Some PyPI statistics about occurence of classifiers:

 Number of packages% of total% of those with classifiers
All493 (wow!)  
Any classifiers37375% 
Development Status34970%93%
Programming Language297 (hmm ;)60%79%
Intended Audience28257%75%
Natural Language13427%35%

I reckon that's pretty good...

If you have any suggestions about potential changes to the categories, I'd be happy to hear them. I'd prefer that the suggestions be made on the catalog SIG mailing list though, or perhaps comments on this log entry, rather than directly to me, please ;) Questions to answer:

  1. What's missing?
  2. If the classifiers aren't missing, then what's the impediment to using them?
  3. Should PyPI require specification of at least one of each of the top-level categories?
  4. Somewhat related: Is the PyPI browse interface at all useful?

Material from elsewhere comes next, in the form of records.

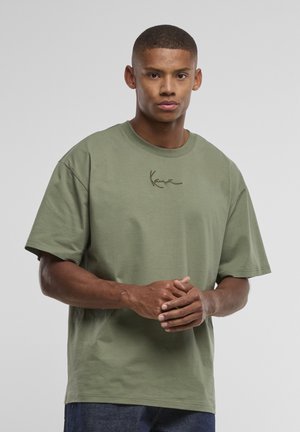 Tânăr cu păr scurt purtând un tricou larg verde măsliniu cu un logo discret scris, stând în picioare pe un fundal simplu, gri deschis.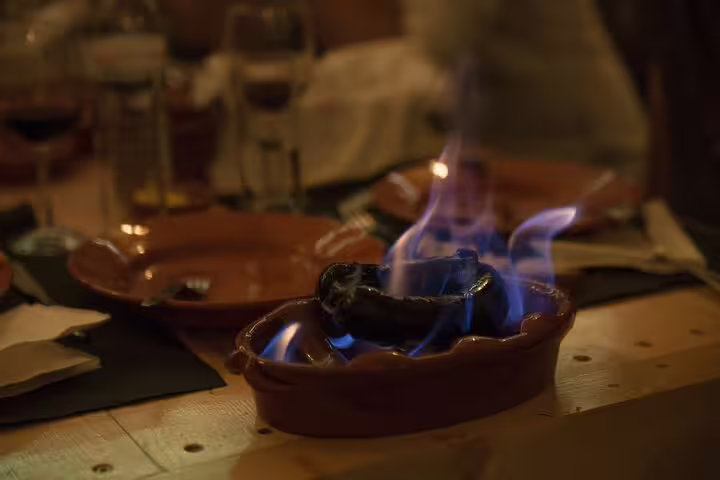 Traditional Portuguese dish with flaming chorizo served during a Fado show in Lisbon, enhancing the cultural dining experience.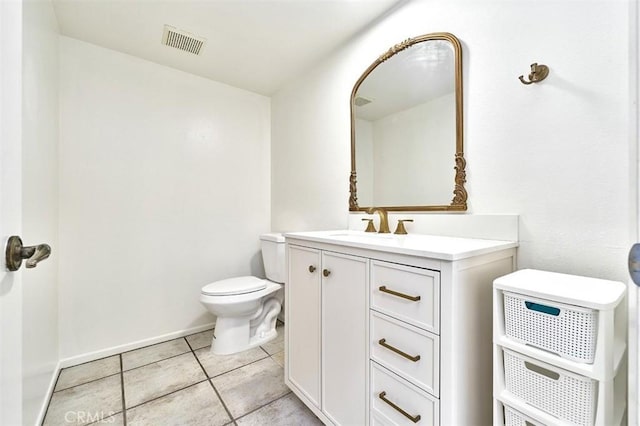bathroom with visible vents, tile patterned flooring, vanity, baseboards, and toilet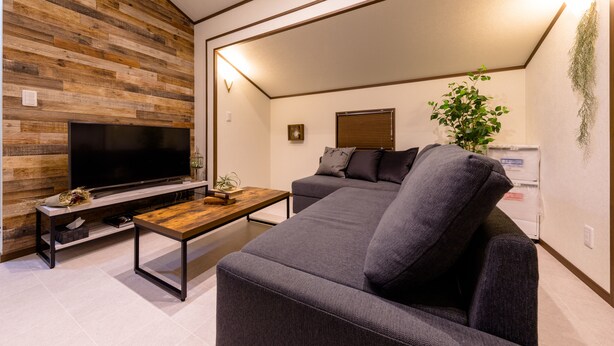A modern living room with a flat-screen TV, a wooden accent wall, a gray sofa, and a wooden coffee table. - Dio (Fujikawaguchiko)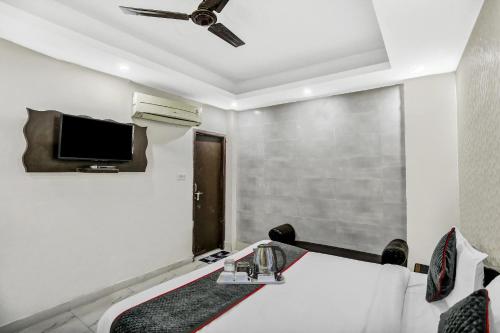 a room with a bed and a tv on the wall at Collection O AP Grand in Noida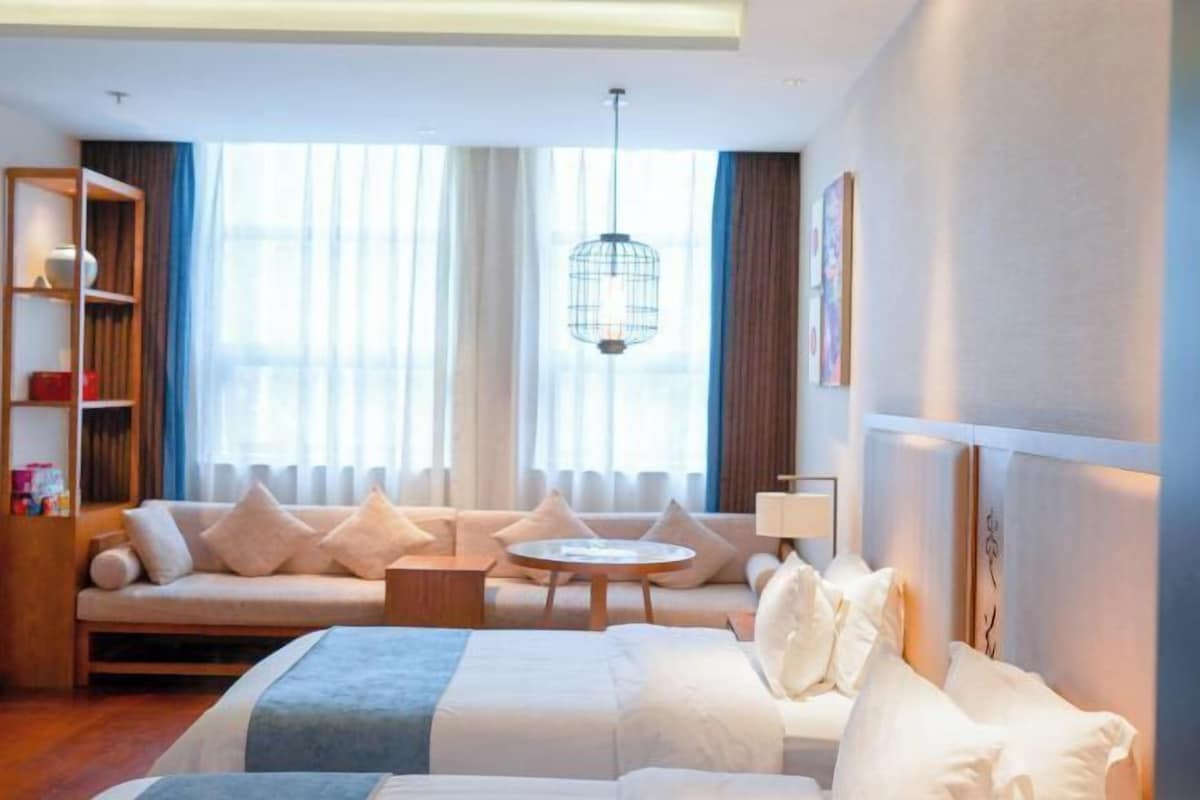 A hotel room with a bed, a sofa, a small table, a bookshelf, and a large window with curtains.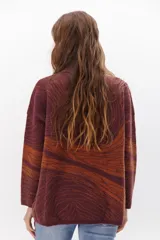 Buzo de punto azul con diseño abstracto en tonos beige.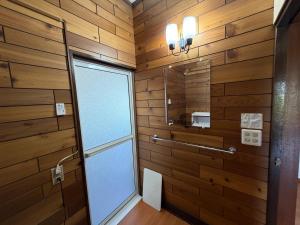 a bathroom with wooden walls and a glass door at 民泊ごとう in Kitakami +24 photos
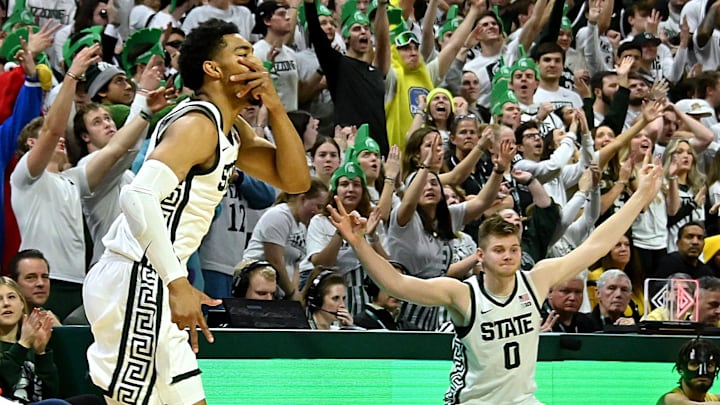 Jan 30, 2024; East Lansing, Michigan, USA; Michigan State Spartans forward Jaxon Kohler (0) celebrates a three point shot by Michigan State Spartans guard Jaden Akins (3) in the foreground during the second half against the Michigan Wolverines at Jack Breslin Student Events Center. Mandatory Credit: Dale Young-Imagn Images Jan 30, 2024; East Lansing, Michigan, USA; Michigan State Spartans forward Jaxon Kohler (0) celebrates a three point shot by Michigan State Spartans guard Jaden Akins (3) in the foreground during the second half against the Michigan Wolverines at Jack Breslin Student Events Center. Mandatory Credit: Dale Young-Imagn Images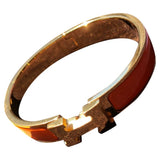 Hermès clic h orange metal bracelets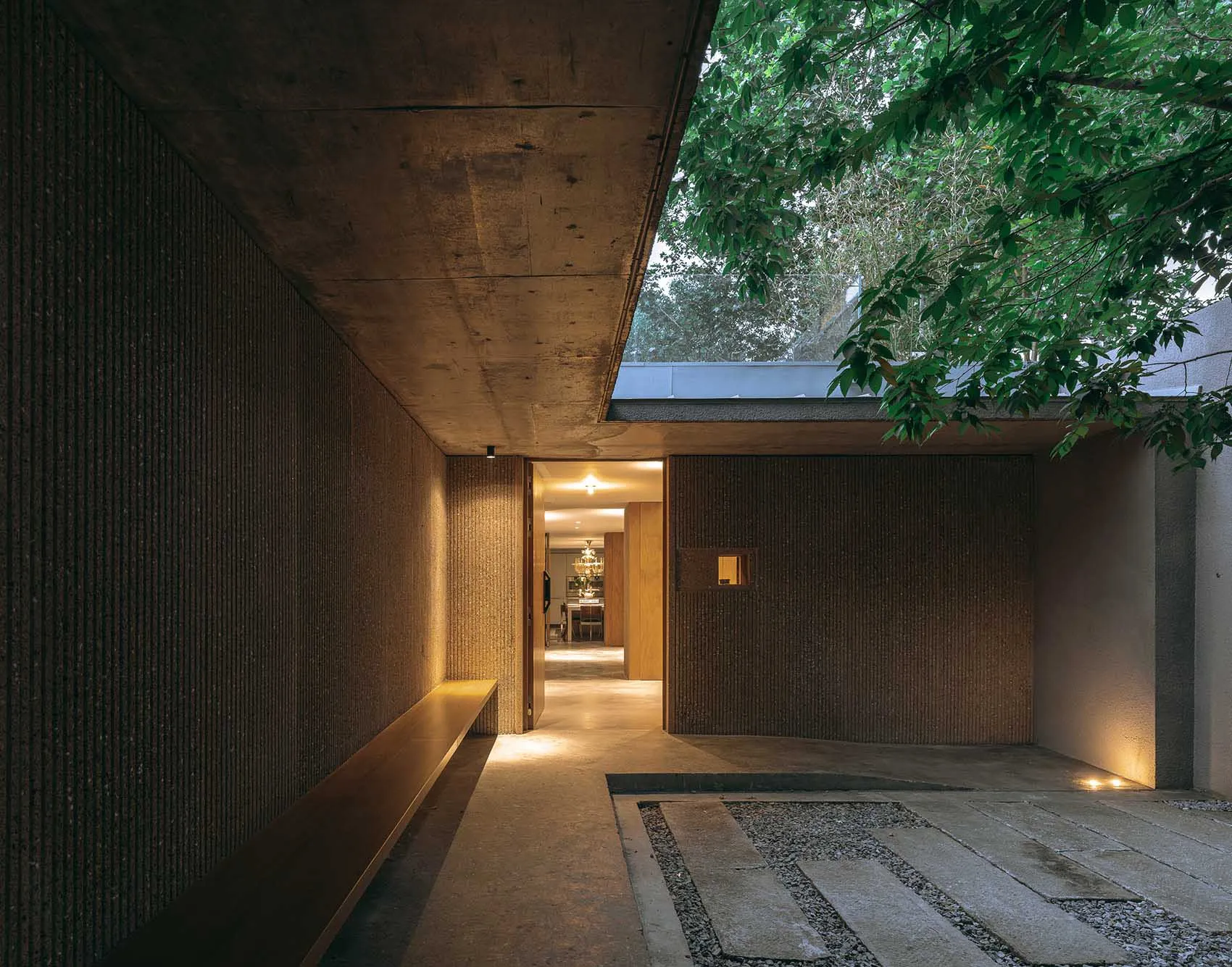Modern residential entrance featuring concrete walls and wooden bench.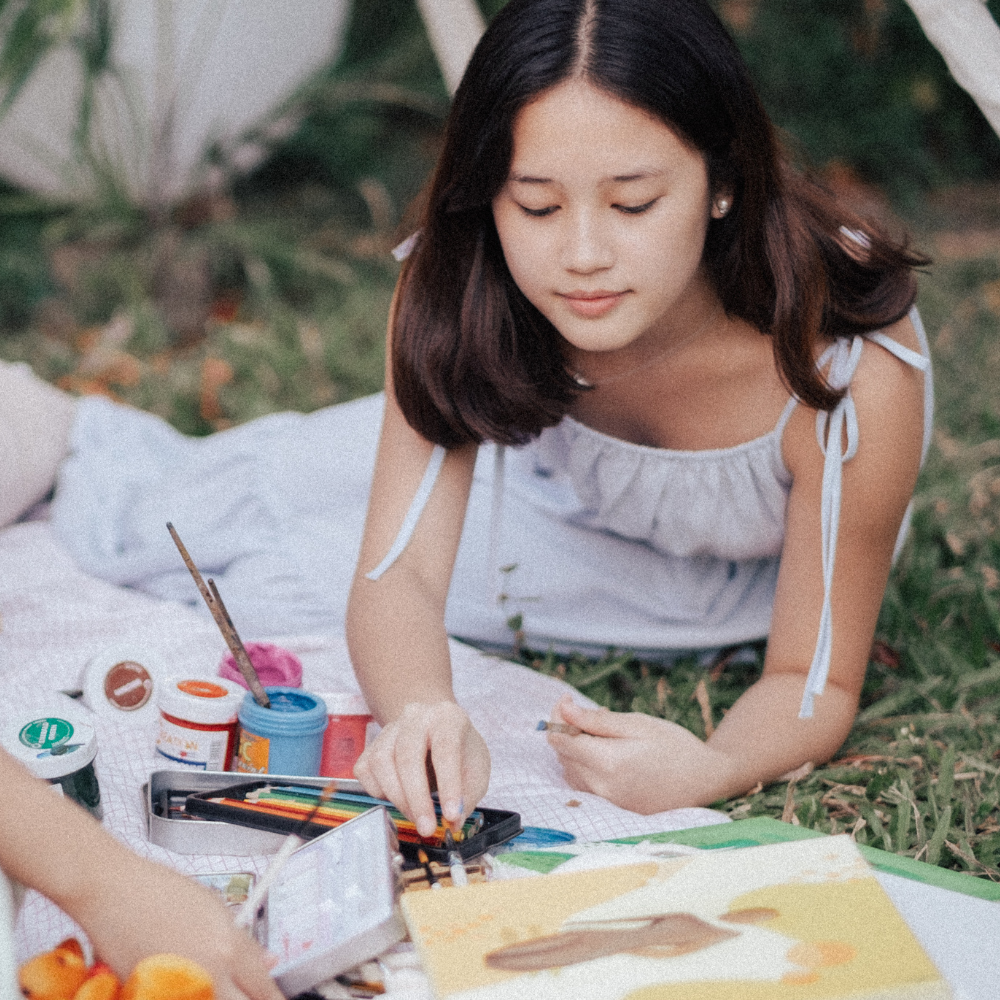 teen on grass and blanket painting and drawing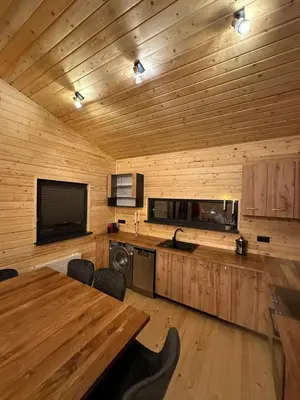a kitchen with wooden walls and a table and a television at Stylish Alpine Ski Chalet Tirol in Borovets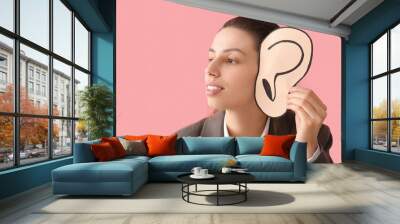 Young gossip businesswoman with paper ear trying to hear something on pink background, closeup Wall mural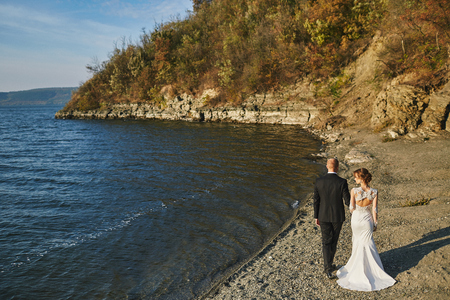 photoshoot lovers in a wedding dress in the mountains near the sの写真素材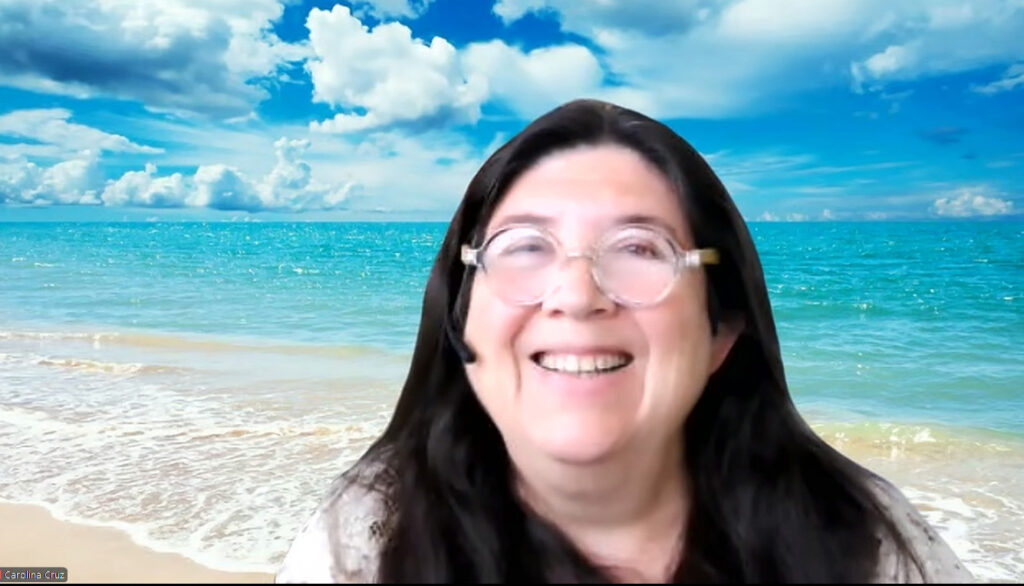 VR pioneer Dr. Carolina Cruz-Neira smiles against a Zoom background of a Florida beach with blue sky and puffy white clouds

OTOH, wow! Almost 500 packages indexed in about 6 months! :)

Comment by anthony baxter on Wed, 23 Jun 2004

My main problem with the categories is that they're a pain in the arse to enter and get right.

I'd much rather see something like
['Category', 'Subcategory', 'Subsubcategory' ] than the current magic string format.

Comment by Richard on Wed, 23 Jun 2004

There's no reason why the distutils register command couldn't convert ['Category', 'Subcategory', 'Subsubcategory'] into 'Category :: Subcategory :: Subsubcategory' before submission.

I guess I kinda assumed people would cut-n-paste from the list (which is why I added the --list-classifiers) argument.